Was mir hier auffällt: Das Schreiben ist mehr als doppelt so schnell wie das Lesen (303 MB/s gegenüber 127 MB/s) - das finde ich doch sehr komisch.

----------

## schmutzfinger

Also sobald 2 deiner Platten am selben Bus hängen ist es klar das ein raid0 langsamer wird als ein einzelner Zugriff auf eine Platte. Wenn man Platten im raid0 verwendet und auf Performance nicht verzichten will dann müssen die an unteschiedlichen Bussen hängen. Das gleiche gilt für raid1/5 wenn man tatsächlich was gewinnen will.

Gib mal /proc/mdstat und /proc/scsi/scsi.

----------

## think4urs11

4 Platten in einem Raid0 halte ich ganz grundsätzlich mal für 'mutig' - 4 faches Ausfallrisiko, aber wers braucht...

 *schachti wrote:*   

> Was mir hier auffällt: Das Schreiben ist mehr als doppelt so schnell wie das Lesen (303 MB/s gegenüber 127 MB/s) - das finde ich doch sehr komisch.

 

meldet dd ein 'fertig' wirklich dann wenn das File physikalisch auf der Platte liegt oder bereits dann wenn es in irgendeinen (Schreib)cache abgeliefert wurde?

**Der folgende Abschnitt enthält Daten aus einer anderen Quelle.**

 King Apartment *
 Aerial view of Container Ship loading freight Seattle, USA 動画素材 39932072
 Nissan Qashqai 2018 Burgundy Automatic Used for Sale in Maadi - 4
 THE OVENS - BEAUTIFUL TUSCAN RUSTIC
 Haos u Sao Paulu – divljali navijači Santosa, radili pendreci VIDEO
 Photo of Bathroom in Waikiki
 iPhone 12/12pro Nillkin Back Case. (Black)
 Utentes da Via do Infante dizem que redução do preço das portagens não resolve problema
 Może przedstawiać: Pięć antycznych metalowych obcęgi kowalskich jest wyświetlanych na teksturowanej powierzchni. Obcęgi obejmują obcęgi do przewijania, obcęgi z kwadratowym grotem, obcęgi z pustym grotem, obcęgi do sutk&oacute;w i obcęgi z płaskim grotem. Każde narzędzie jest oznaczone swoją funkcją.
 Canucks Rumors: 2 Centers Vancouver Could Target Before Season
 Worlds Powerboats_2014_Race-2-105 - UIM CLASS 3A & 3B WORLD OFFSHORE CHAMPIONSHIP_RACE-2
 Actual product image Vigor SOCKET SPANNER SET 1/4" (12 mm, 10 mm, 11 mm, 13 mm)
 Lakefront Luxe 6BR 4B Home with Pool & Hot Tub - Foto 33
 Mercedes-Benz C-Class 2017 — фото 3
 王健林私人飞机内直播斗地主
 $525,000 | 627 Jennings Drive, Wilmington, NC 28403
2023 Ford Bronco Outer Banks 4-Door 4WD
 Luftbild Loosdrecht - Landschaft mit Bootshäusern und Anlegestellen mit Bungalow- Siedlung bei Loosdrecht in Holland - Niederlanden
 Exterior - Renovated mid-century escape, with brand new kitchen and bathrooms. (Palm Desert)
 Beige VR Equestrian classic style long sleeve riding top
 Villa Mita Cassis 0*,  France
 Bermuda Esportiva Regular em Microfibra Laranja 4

Evtl. haben die HDs auch einen integrierten Cache der vor allem auf Schreibvorgänge optimiert ist.

Ggf. die Tests nochmal laufen lassen ala time `dd if=/dev/zero of=bla bs=4k count=262144 && sync`

 *schmutzfinger wrote:*   

> Wenn man Platten im raid0 verwendet und auf Performance nicht verzichten will dann müssen die an unteschiedlichen Bussen hängen. 

 

Ist nicht normalerweise sowieso jeder SATA-Anschluß direkt an den Chipsatz gekoppelt d.h. ein dedizierter Link?

----------

## schmutzfinger

Mhh da hatte ich doch glatt raid0 mit raid1 verwechselt. Ich hatte irgendwie auch nicht erwartet das jemand tatsächlich ein raid0 über 4 Platten macht. Naja selbst wenn da 2 von 4 am selben Bus hängen sollte die Perfomance trotzdem noch besser sein als bei einer einzelnen Platte. Wenn alle 4 am selben Bus hängen (geht das bei SATA?) dann muss das nicht schneller sein als eine allein, nur gefährlicher  :Wink: .

----------

## siddy

hallo!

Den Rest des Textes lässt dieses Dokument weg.